**WORK TASK**:
All of the data below should be printed again exactly, pictures excluded.

**INFORMATION PROVIDED**:
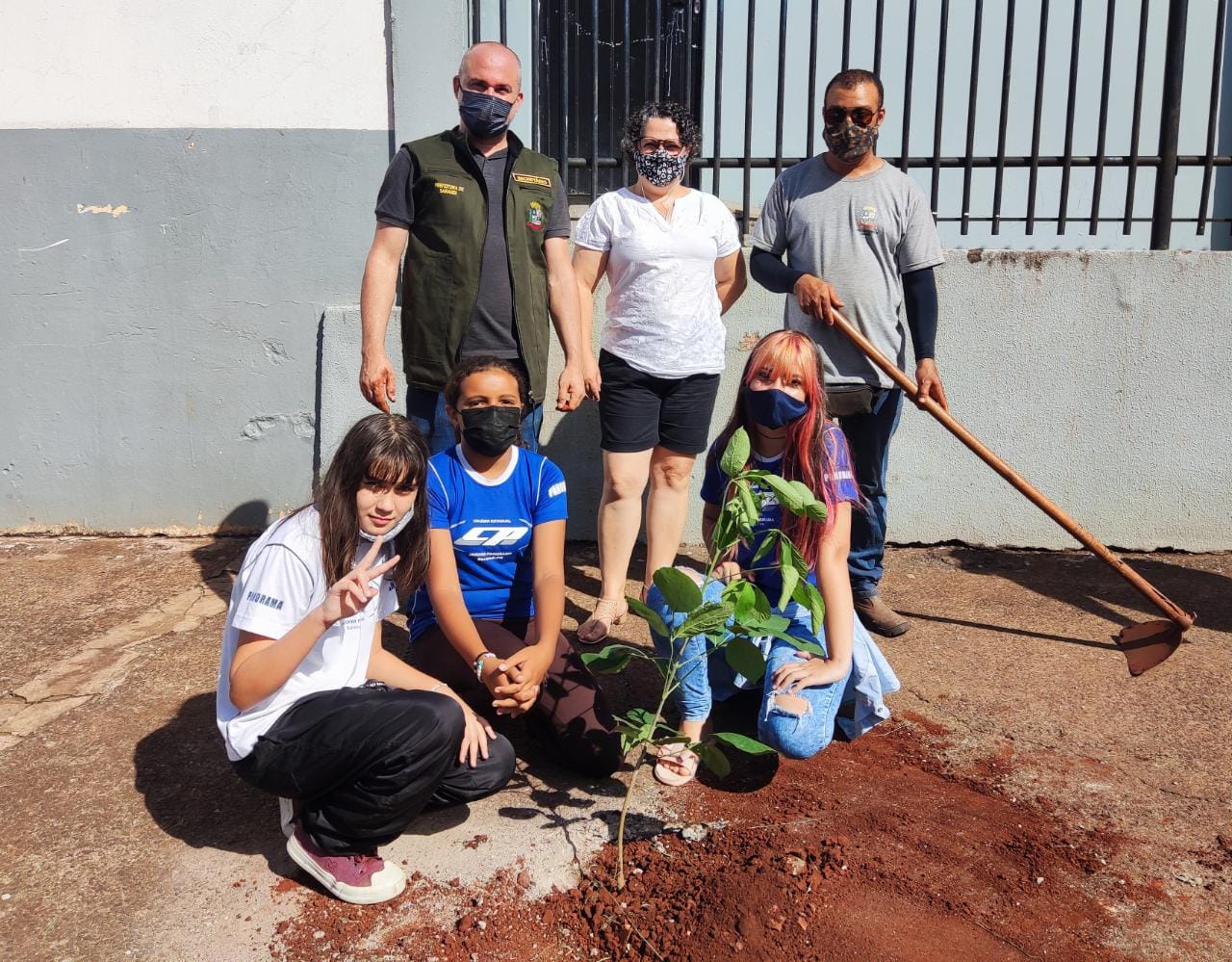Secretaria de Saneamento e Meio Ambiente de Sarandi realiza plantio de 13 árvores no Colégio Jardim Panorama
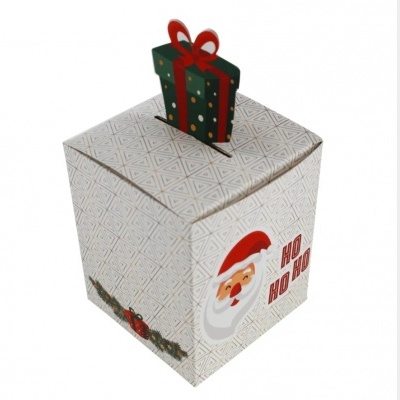 Caixa branca decorada com imagem do Pai Natal e texto HO HO HO, com presente verde por cima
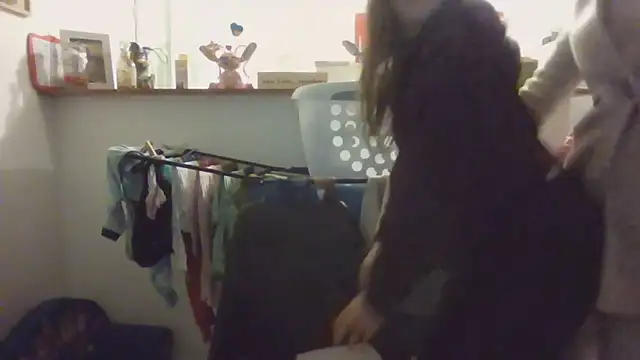 Snapshot of NyraLuna chatting on February 16, 1:46 am NyraLuna online show from February 16, 1:46 am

**TASK RESULT**:
Secretaria de Saneamento e Meio Ambiente de Sarandi realiza plantio de 13 árvores no Colégio Jardim Panorama
 Caixa branca decorada com imagem do Pai Natal e texto HO HO HO, com presente verde por cima
 Snapshot of NyraLuna chatting on February 16, 1:46 am NyraLuna online show from February 16, 1:46 am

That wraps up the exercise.